**ACTIVITY:**
Restate the following data in its entirety, word for word and without images.

**COLLECTED MATERIAL:**
--- START ---
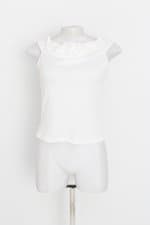 blusa feminina branca com hotfix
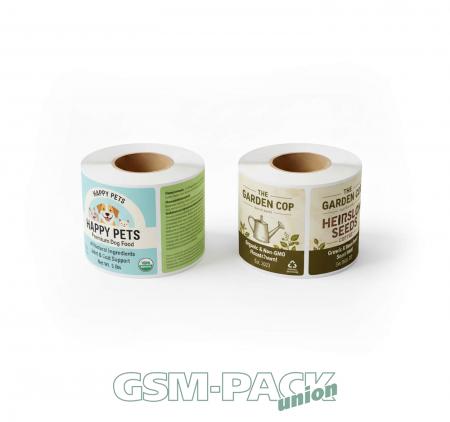 Печать самоклеющейся этикетки (Бумага Полуглянец)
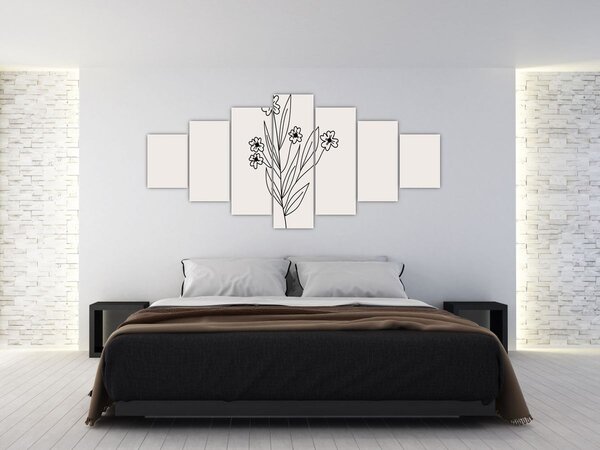 Obraz - Luční květ N⁰1 (210x100 cm)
--- END ---
**OUTPUT BELOW:**
 blusa feminina branca com hotfix
 Печать самоклеющейся этикетки (Бумага Полуглянец)
 Obraz - Luční květ N⁰1 (210x100 cm)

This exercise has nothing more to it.